Does anyone else remember No Smoking at this Table signs in bidding boxes, from the days when smoking was permitted?
I do, but then I'm older than you are. B) I also remember the tremendous fight one club committee had to get the players to agree to try bidding boxes in the first place. There was a large and vociferous minority against. Once they had tried them out, a very large proportion of the vociferous minority loved them, and it only took a couple of weeks.
I'd categorise it as an unintended card. The removal of the admittedly wrong card from the box was intentional.
I remember an auction which appeared to go something like:
N: 1NT
E: Pass
S: Pass
E: 3 !c
East had, of course, used the Pass card instead of the Stop card. She was initially furious because she didn't know the Laws and thought that I knew what had happened (I was S) and had somehow contrived to stop her making her desired call, so I just called the TD and got him to apply Law 25A.
Just last week, the White Book attempted to clarify this regulartion
There's still a No Smoking card in one of the bidding boxes at Sheffield BC! :)
Barrie Partridge - CTD for Bridge Club Live
Antiques Roadshow 2068 . . .
Presumably he allowed the change.
Indeed he did.
Playing a Pass card instead of a Stop card is a very plausible mechanical error (they're very near to each other in most bidding boxes), and nobody intends to legitimately play "pass, 3!c" on the same turn.
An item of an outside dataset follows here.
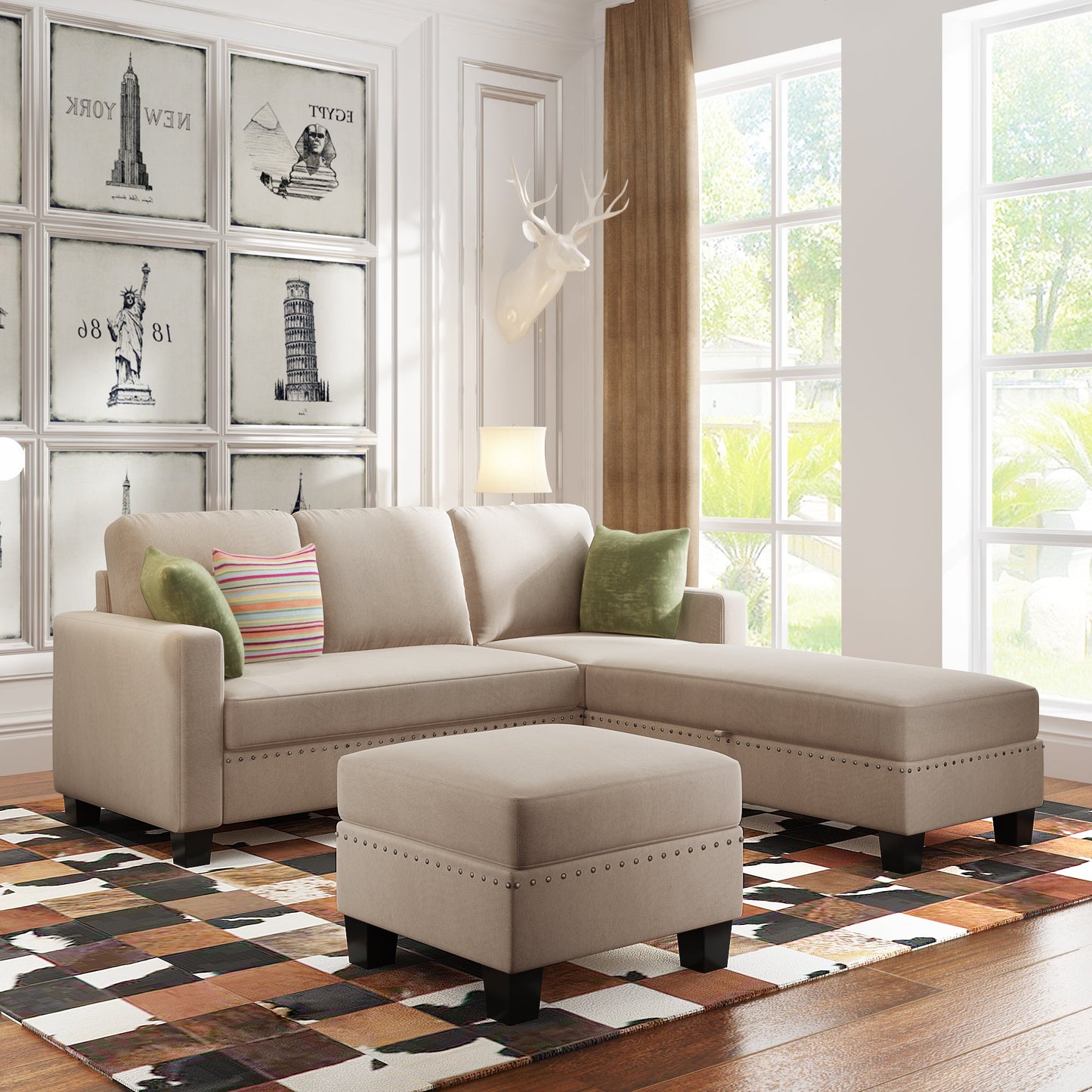 [New] [VIDEO provided] 81.1*76.3*35" Reversible Sectional Couch with Storage Ottoman L-Shaped Sofa Warm Grey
As such, any instance of "Pass instead of Stop" is either a mechanical error or outright cheating, with the former being much more likely. (The pass wouldn't stand in any case; a mechanical error can be corrected, and cheating would be punished an entirely different way.)
Forgetting the Stop card altogether is different, because it's plausible that the player had meant to make the bid in question and didn't realise it was a jump bid.